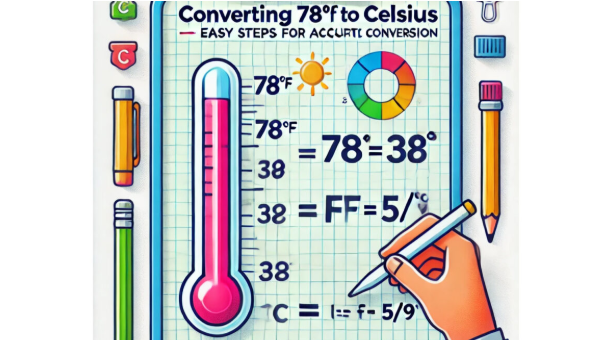 19 c to f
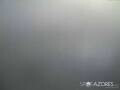 Webcam Lagoa do Fogo (Azores)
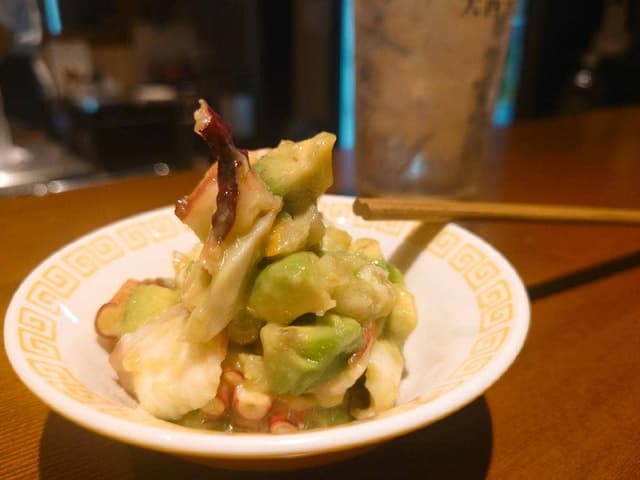 大西酒店 - サブ画像1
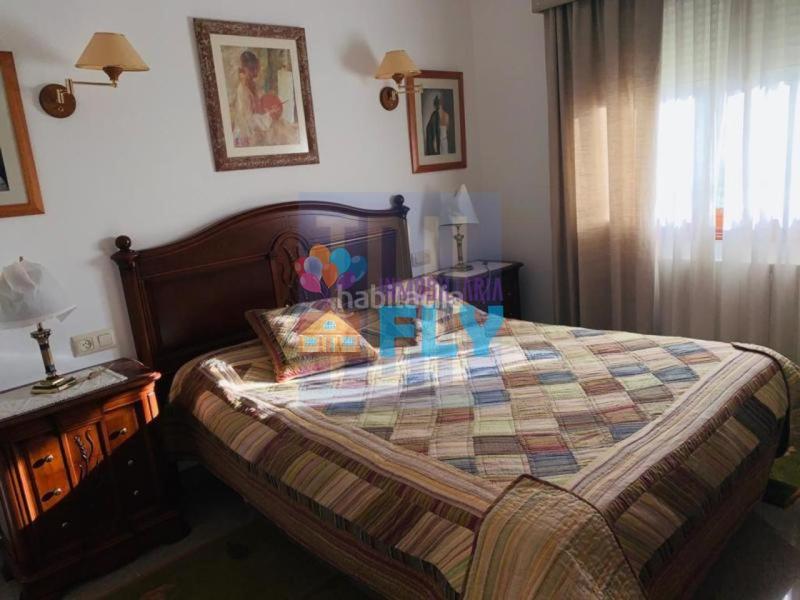 Foto c95bbd77-3ba8-4ae1-958f-bd885996d63e. Alquiler casa en Nogueira de Ramuín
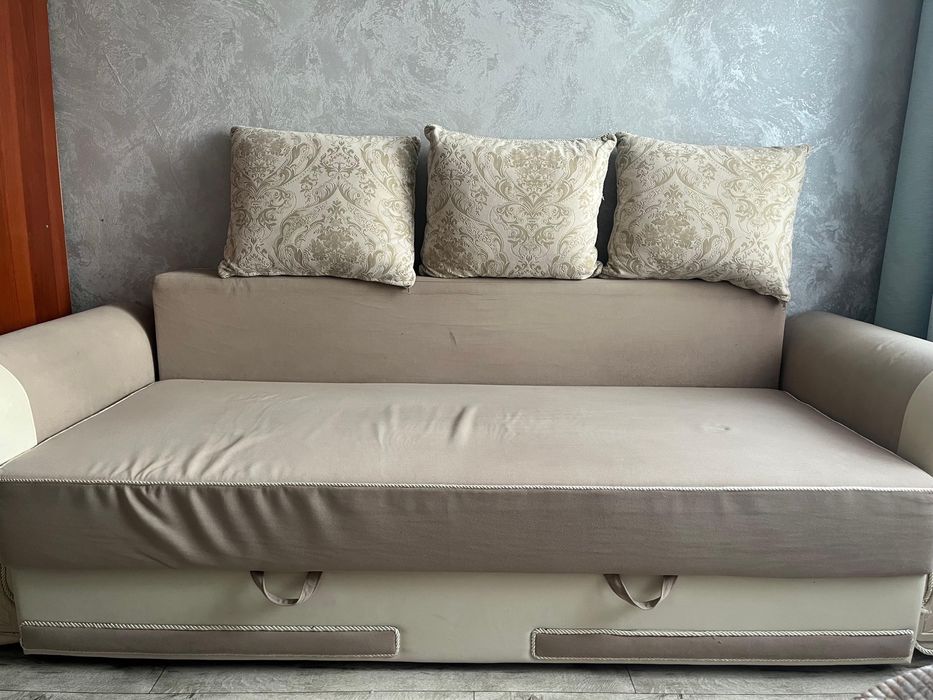 Диван-тахта в отличнос состонии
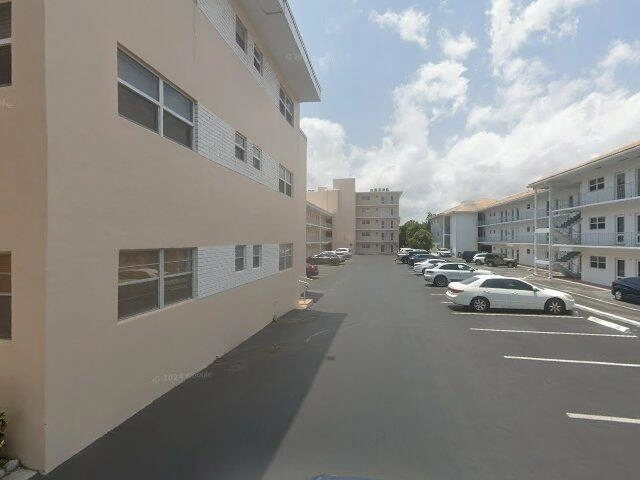 House image located at Pompano Beach, FL 33062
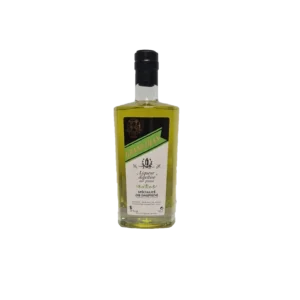 LIQUEUR GRAND OLAN VERTE 50°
────────────────────────────────────────
» **Assignment**
Exact lines, nothing more: output the one with "Foto c95bbd77-3ba8-4ae1-958f-bd885996d63e. Alquiler" and every later line through the end of the data, skipping pictures.

» **Finished exercise**
 Foto c95bbd77-3ba8-4ae1-958f-bd885996d63e. Alquiler casa en Nogueira de Ramuín
 Диван-тахта в отличнос состонии
 House image located at Pompano Beach, FL 33062
 LIQUEUR GRAND OLAN VERTE 50°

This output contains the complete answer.